-- Opening Marker --

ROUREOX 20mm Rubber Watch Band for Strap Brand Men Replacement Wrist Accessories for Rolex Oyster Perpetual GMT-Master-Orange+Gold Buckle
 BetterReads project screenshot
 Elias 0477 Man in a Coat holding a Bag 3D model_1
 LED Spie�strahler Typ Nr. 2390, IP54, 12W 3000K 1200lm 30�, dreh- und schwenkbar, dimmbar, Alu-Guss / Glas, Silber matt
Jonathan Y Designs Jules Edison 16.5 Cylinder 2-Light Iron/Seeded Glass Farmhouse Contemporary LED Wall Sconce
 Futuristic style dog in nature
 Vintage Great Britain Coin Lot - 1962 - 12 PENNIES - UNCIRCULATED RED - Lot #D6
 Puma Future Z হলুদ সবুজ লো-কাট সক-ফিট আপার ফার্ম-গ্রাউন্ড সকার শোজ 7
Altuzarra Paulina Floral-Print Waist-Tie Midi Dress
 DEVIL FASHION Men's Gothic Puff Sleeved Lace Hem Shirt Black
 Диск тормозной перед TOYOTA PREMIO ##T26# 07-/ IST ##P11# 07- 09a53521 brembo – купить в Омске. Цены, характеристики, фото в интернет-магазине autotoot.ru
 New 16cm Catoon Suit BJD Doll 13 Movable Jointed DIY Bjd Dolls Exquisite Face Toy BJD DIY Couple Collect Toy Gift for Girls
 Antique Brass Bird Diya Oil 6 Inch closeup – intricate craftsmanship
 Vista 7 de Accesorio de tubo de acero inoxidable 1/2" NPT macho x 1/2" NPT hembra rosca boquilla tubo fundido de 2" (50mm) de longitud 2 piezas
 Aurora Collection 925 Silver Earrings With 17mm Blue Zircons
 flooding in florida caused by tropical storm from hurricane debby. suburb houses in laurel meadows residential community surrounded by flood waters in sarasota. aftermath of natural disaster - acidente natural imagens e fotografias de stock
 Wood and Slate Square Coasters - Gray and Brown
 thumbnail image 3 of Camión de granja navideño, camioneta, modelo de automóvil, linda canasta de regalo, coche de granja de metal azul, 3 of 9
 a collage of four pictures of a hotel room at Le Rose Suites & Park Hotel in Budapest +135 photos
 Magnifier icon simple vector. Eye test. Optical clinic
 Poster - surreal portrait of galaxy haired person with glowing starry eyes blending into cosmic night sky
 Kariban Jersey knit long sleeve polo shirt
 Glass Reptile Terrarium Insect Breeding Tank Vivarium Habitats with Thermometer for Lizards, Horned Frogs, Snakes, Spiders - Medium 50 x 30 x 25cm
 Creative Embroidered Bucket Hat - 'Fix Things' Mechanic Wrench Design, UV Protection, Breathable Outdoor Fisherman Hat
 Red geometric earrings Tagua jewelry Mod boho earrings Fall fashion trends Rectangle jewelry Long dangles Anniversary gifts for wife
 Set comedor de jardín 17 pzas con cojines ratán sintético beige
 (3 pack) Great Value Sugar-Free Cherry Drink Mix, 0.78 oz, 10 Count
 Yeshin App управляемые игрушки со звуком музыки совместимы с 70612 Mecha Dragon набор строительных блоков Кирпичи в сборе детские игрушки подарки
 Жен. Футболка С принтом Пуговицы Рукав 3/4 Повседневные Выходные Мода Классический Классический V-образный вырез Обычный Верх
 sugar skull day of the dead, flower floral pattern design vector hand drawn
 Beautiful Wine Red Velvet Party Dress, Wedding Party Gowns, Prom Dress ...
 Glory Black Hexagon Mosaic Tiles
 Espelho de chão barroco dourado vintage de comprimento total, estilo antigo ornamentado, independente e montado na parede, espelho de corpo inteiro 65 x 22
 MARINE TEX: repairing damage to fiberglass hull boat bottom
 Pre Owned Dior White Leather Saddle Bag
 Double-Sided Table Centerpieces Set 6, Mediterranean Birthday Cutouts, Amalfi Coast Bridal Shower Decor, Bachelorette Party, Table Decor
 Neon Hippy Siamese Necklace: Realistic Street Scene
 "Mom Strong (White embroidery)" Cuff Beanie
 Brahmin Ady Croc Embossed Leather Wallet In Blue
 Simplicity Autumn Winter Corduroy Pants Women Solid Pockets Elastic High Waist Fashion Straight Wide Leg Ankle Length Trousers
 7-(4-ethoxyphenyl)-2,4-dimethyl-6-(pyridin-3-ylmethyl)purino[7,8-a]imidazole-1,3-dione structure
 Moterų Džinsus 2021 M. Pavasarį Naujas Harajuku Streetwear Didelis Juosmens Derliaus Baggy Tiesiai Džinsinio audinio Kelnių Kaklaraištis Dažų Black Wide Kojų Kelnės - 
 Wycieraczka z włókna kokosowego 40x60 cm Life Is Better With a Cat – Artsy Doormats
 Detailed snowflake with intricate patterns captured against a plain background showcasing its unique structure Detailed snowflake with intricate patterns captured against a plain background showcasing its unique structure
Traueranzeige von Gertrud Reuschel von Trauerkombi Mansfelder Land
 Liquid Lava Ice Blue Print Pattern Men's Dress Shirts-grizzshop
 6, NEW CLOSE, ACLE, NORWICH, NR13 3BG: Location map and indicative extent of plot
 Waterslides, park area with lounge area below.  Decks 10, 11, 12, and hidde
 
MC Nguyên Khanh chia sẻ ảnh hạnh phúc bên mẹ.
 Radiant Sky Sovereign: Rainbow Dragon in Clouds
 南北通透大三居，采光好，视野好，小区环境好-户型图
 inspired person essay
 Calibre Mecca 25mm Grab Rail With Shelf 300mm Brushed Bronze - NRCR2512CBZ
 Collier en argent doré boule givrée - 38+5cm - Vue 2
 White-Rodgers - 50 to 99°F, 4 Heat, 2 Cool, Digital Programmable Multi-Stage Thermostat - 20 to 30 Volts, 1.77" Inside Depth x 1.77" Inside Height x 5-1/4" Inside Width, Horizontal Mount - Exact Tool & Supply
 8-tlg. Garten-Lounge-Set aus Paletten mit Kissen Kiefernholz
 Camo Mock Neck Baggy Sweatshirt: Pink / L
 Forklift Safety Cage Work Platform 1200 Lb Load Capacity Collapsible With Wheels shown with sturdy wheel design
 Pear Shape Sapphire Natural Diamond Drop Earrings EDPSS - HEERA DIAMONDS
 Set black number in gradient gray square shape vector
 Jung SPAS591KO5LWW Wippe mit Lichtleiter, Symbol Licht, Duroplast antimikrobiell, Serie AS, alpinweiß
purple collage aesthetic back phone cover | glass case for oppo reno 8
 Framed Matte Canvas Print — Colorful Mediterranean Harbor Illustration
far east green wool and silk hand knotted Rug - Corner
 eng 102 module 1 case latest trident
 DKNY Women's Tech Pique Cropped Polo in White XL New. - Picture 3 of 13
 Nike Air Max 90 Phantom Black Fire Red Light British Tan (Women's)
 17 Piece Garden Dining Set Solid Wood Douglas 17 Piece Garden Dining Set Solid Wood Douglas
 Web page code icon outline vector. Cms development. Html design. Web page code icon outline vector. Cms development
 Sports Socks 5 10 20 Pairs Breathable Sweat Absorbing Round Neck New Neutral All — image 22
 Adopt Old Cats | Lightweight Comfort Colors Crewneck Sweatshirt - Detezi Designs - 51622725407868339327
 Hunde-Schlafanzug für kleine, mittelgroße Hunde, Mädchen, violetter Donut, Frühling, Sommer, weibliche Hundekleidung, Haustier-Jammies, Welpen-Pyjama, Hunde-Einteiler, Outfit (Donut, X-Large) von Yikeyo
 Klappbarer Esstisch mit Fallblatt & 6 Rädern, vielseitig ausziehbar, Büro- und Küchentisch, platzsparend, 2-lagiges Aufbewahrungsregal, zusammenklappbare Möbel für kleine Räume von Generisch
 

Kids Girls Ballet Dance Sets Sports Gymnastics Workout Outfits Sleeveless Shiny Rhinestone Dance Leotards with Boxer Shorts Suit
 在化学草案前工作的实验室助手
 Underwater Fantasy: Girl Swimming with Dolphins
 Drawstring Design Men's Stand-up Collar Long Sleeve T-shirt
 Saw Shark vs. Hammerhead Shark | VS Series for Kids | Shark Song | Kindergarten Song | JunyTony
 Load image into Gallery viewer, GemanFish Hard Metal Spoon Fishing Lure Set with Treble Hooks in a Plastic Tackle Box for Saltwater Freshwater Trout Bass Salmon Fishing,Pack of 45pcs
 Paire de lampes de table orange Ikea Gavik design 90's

-- Closing Marker --

- TASK STATEMENT
Go through the listing and copy each line with the string "Girls".

- EXERCISE SOLUTION
 New 16cm Catoon Suit BJD Doll 13 Movable Jointed DIY Bjd Dolls Exquisite Face Toy BJD DIY Couple Collect Toy Gift for Girls
Kids Girls Ballet Dance Sets Sports Gymnastics Workout Outfits Sleeveless Shiny Rhinestone Dance Leotards with Boxer Shorts Suit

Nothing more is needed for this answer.